Arrow as a secondary engine

arrow gives you the same dplyr verbs over parquet without needing a DuckDB database. It is a reasonable alternative in a few specific situations:

  • You are looking at someone else’s parquet folder and do not want to stand up a DuckDB database just to explore it.
  • You are doing a simple “read, filter, aggregate, save” pipeline with no joins or window functions.
  • You want the output to be read seamlessly by Python tools that prefer the Arrow format.
Code
itr_ar <- open_dataset(file.path(pq, "itr_context")) |> rename_with(tolower)

itr_ar |>
  filter(incm_yr == 2015L, !is.na(ocptn_grp_cd)) |>
  count(ocptn_grp_cd) |>
  collect() |>
  head()

For scans and simple groupbys Arrow and DuckDB are indistinguishable (see the walkthrough timings in A2).

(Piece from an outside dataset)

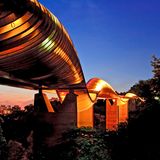 Henderson Waves Bridge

The gap opens on joins and window functions — covered in the joins and window functions chapters — and that is where DuckDB becomes the safe default.

Small result, large source: the whole point

Most PLIDA analyses end in a plot or a small table. The pipeline should look like a pyramid: a wide, filtered scan at the bottom; aggregations squeezing the result down through the middle; a small collect() at the top. Everything below collect() runs in DuckDB; everything above runs in R.

library(dplyr); library(dbplyr); library(ggplot2)

tbl(con, "itr") |>
  filter(incm_yr >= 2010L, !is.na(ocptn_grp_cd)) |>
  mutate(occ_major = as.integer(floor(ocptn_grp_cd / 1000))) |>
  count(incm_yr, occ_major) |>
  collect() |>                               # ← here, and only here
  ggplot(aes(incm_yr, n, colour = factor(occ_major))) +
  geom_line()

The result that hits R is a few hundred rows. DuckDB did the work over 170M.

What lives in A2

  • T1: filter + count on one year of ITR — five backends side by side.
  • T2: groupby count over all ITR years — five backends side by side.
  • Walkthrough timings: DuckDB vs Arrow on the same dplyr code, across filter, groupby, mutate, and arrange.
  • Peak memory footprint for each approach.